Sep
4

The Magazine Industry

As I sauntered into work today (yes, sometimes I do in fact saunter), I sat down in front of my color calibrated monitor and wacom tablet with some coffee ready to create a perfect retouched reality, then proceeded to wonder, who in the hell reads magazines anymore? Why isn’t the CMYK industry moving faster to the RGB internet? Is the print industry dying?

I think about the amount of people who pick up a newsstand copy of the magazines I work on and how many will get a subscription in the mail. I think about the deadlines and stress everyone deals with at the job to push out issues on time to get them to a printer and distributer who will then take 2-4 weeks to produce 80k copies per title. I wonder why we’re working on dated information 2-3 months ahead of time that will be irrelevant when the magazine hits the stand.

Magazines seem lazy to me.

A tangible television.

A 20th century commodity.

An old business model.

Gossip aside, exclusive entertainment and information magazines don’t need to break stories as fast as US Weekly. They have the potential to handle content differently. By the way, what’s up with the redundancy of information on their site vs their magazine? Why must we receive news from one source.. 2 WAYS? In 2007 there was a quiet magazine study done on popular titles and their effect online vs print which revealed US Weekly’s website taking more hits than their print subscribers. Why not resort to only 1 source?

Oh right, advertisers.

Advertisers are keeping this old business model around through a tangible social status. You can’t hang a web page from a hook at the checkout line in Vons. It’s impossible sample a fragrance immediately online. Not yet, at least. And incidentally, you’ll look like a total geek reading news about Hannah Montana on TMZ.com in an internet cafe.
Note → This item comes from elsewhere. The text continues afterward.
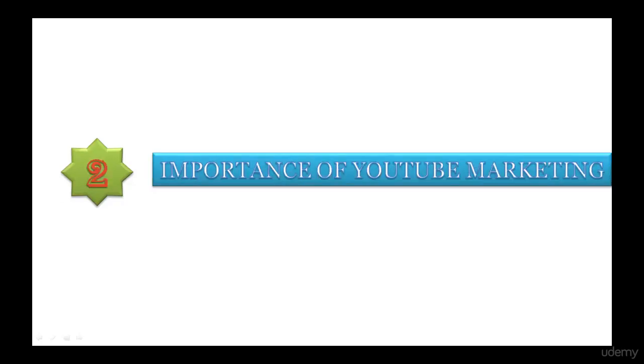Section 2 is specifically about the importance of YouTube marketing. In this section, I have provided some valuable points about why to go with YouTube marketing. If you take this section, your confidence level will be increased and you will feel encouraged to go with YouTube marketing.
Basically, magazines are tangible market-targeted advertisement novels. You like big boobs? Here’s a list of pill manufacturers that claim they can make your dick bigger and last longer so you can keep your pretend girlfriend satisfied. You like fast cars? Oh, well here’s a thin book with an ad index of part manufacturers to dump your money into so you can get your car to look like the one on pg 12.
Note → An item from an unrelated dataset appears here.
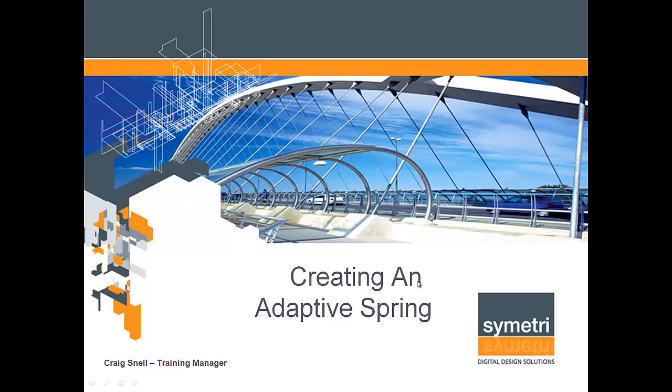Hi, in this lesson I will show you how to create an adaptive spring in Autodesk Inventor. Off we go.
It’s an evil business that’s clouded with subliminal advertisements. 

I wonder if in 20 years, a green government will take control and condemn printing plants that continue to remain environmentally crude (unlike Printhaus) and will have to shift their base to the internet; in the coattails of the digital cable transition maybe? Even if the pages are made of recycled paper, the printing process and materials alone that are used to create, produce, and ship a product are extensively rich with toxic chemicals.
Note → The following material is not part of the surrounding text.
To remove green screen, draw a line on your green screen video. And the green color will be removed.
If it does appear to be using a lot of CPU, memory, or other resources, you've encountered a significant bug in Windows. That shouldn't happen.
It’s in your hands then in the trash an hour later. This needs to change.


2 Comments

  1. Love your commentary on The Life Cycle of Magazines. I currently reclaim magazines and make them into handbags for many of the reasons you have addressed in your cleverly written observations. How can I reclaim even more of these items to make a larger impact? Please check out http://www.cosmicbobbins.com, and http://cosmicbobbins.com/about.html to learn more about reclaiming magazines to help lift people out of poverty. How can we get more people and companies involved in this movement?

    Comment by Cosmic Bobbins — September 6, 2008 @ 8:45 pm

  2. What you’re doing is great, Cosmic. I’ll add a link to you in my Blogroll. Thanks for visiting and for your comment!